SACRAMENTO, Calif. — The convicted serial killer known as the “I-5 Strangler” — who murdered at least seven women in the 1970s and ’80s — was choked to death in prison, according to his autopsy.
Roger Reece Kibbe, 81, who was serving multiple life sentences, was found unresponsive in his cell at Mule Creek State Prison outside Sacramento on Sunday, New York Post reported.
An autopsy determined he was manually strangled, and his death has been ruled as a homicide, according to the Amador County Sheriff’s Office.
Kibbe’s cellmate, Jason Budrow, was standing next to his body, CBS San Francisco reported.
Budrow, 40, is a convicted murderer who is also serving life without the possibility of parole.
No charges have been filed in Kibbe’s death.
Authorities say Kibbe raped and strangled at least seven women over two decades. He was first convicted of the 1987 murder of a teenage prostitute in 1991.
Kibbe was a suburban Sacramento furniture maker whose brother was a law enforcement officer, Fox News reported.
The serial killer was dubbed the “I-5 Strangler” because his victims were found along the interstate, which runs north and south from California to Washington.

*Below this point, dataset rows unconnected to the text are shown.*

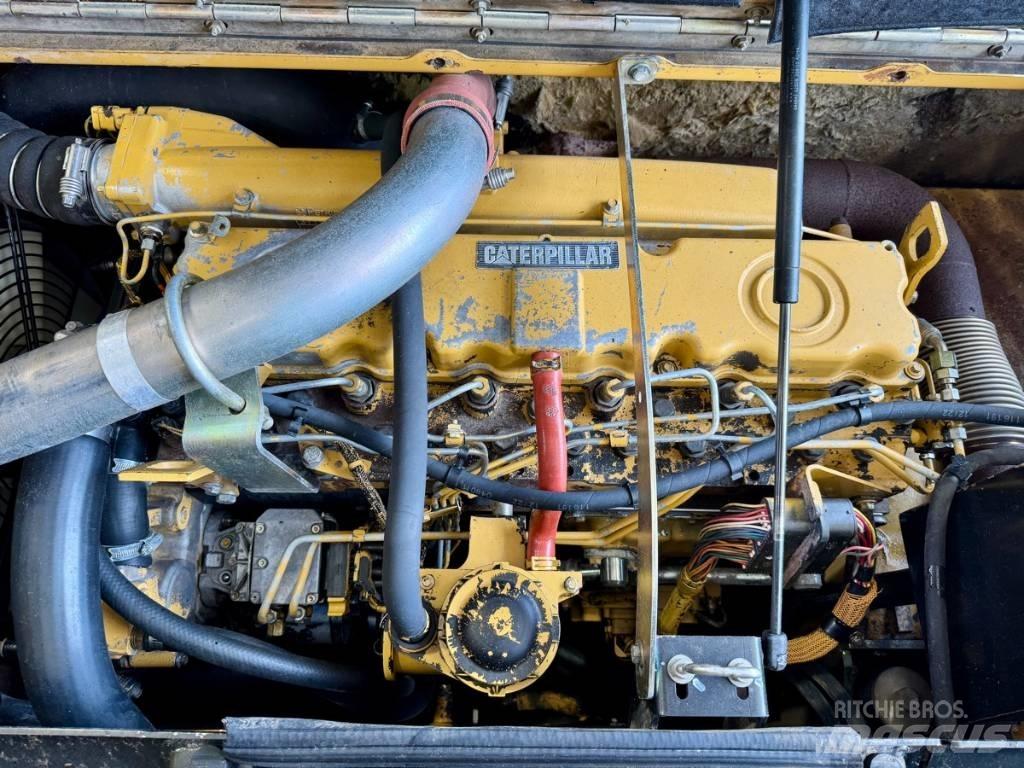 CAT M 316 C حفارات بعجل
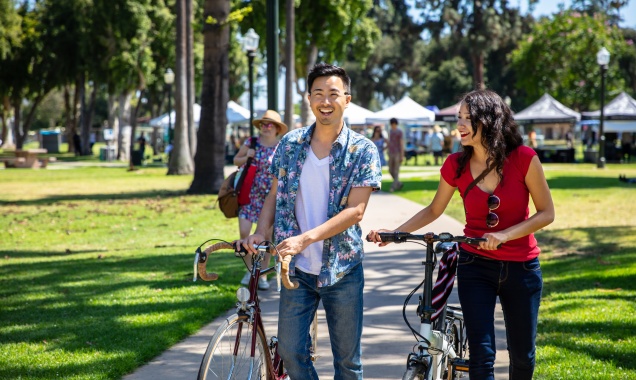 Stock photo of two people walking with bikes through a park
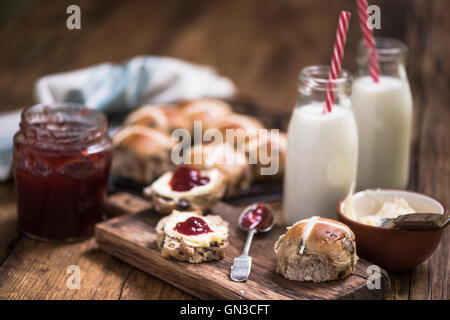 cremige Tee, heiße Kreuz Brötchen mit Marmelade und Clotted cream Stockfoto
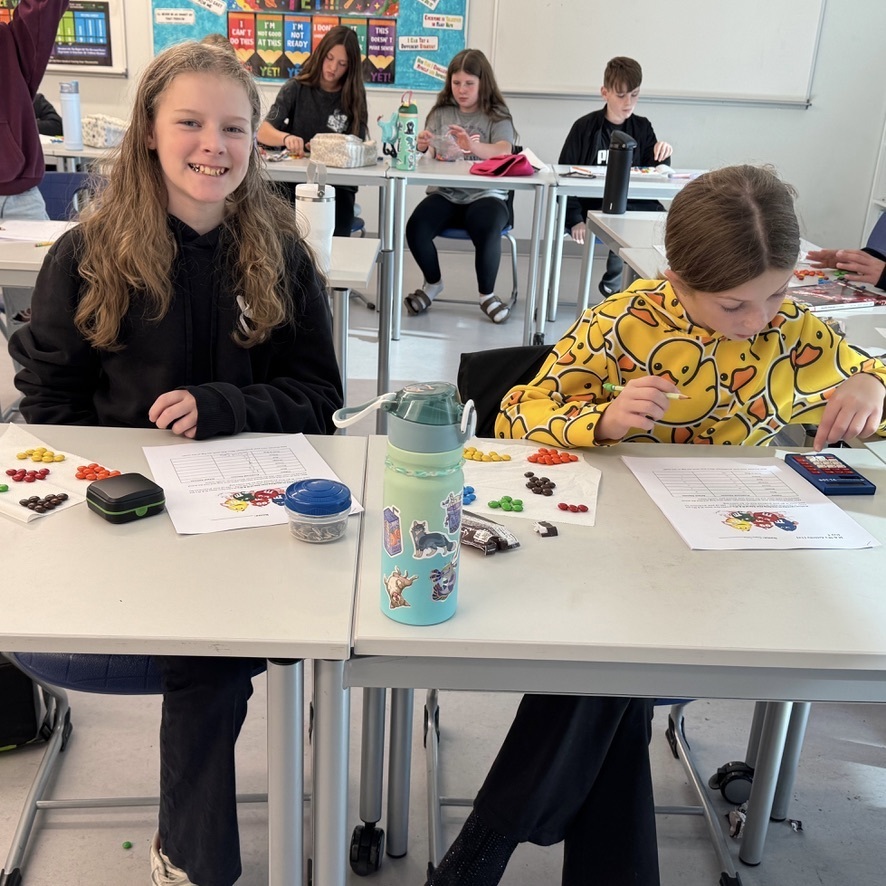 Two female students having fun working on their project, both have worksheets and piles of M&Ms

Vito Bertocchini, a retired San Joaquin County sheriff’s detective and district attorney’s investigator, told The Sacramento Bee he suspected Kibbe of killing others during the 10-year gap between his first and last known slayings. Investigators have said they found other women who had been killed and dumped with Kibbe’s trademark of cutting his victims’ clothing in odd patterns.
Kibbe never admitted to other murders beyond those with which he was charged.